→ Action item
Write out again the lines from the line with "Erstaunlich Diani Beach" up to and including the line with "Building Photo - Beautiful", exactly as they stand below, and skip any picture.

→ Listed entries

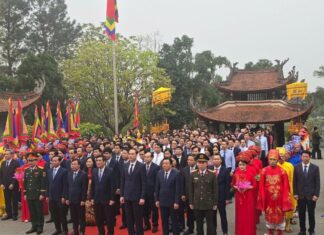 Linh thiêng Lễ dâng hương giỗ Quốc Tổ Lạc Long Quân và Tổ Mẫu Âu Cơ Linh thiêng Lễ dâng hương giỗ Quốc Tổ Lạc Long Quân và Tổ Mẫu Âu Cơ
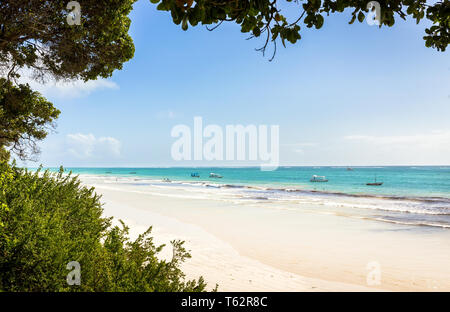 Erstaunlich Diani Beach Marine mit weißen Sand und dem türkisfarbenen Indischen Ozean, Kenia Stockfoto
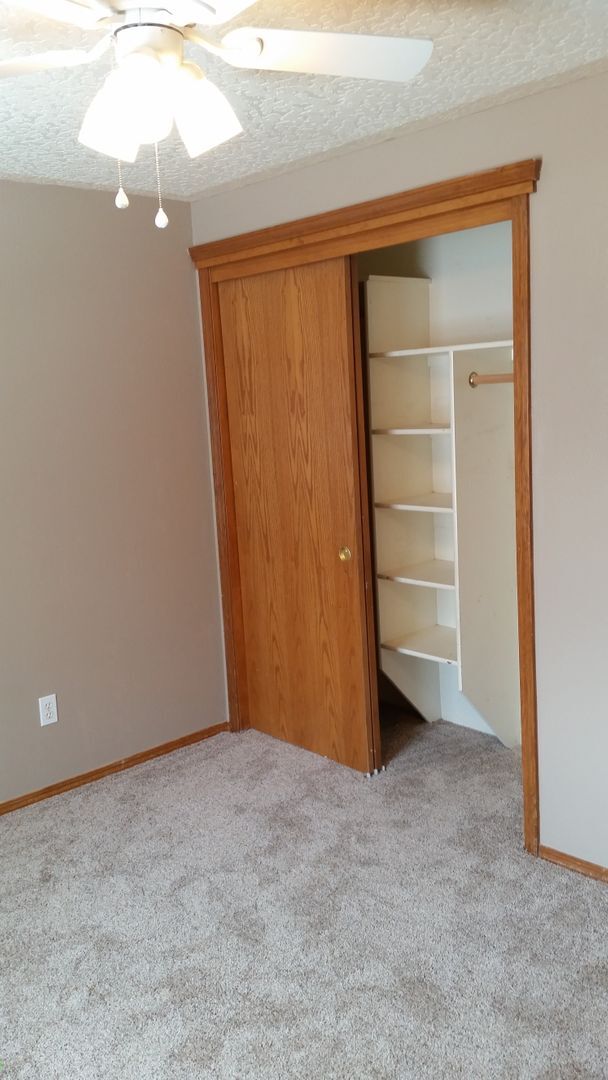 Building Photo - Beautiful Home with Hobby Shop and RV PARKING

---

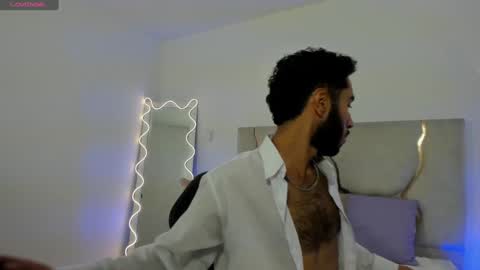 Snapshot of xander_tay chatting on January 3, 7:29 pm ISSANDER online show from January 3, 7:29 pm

→ Answer box
 Erstaunlich Diani Beach Marine mit weißen Sand und dem türkisfarbenen Indischen Ozean, Kenia Stockfoto
 Building Photo - Beautiful Home with Hobby Shop and RV PARKING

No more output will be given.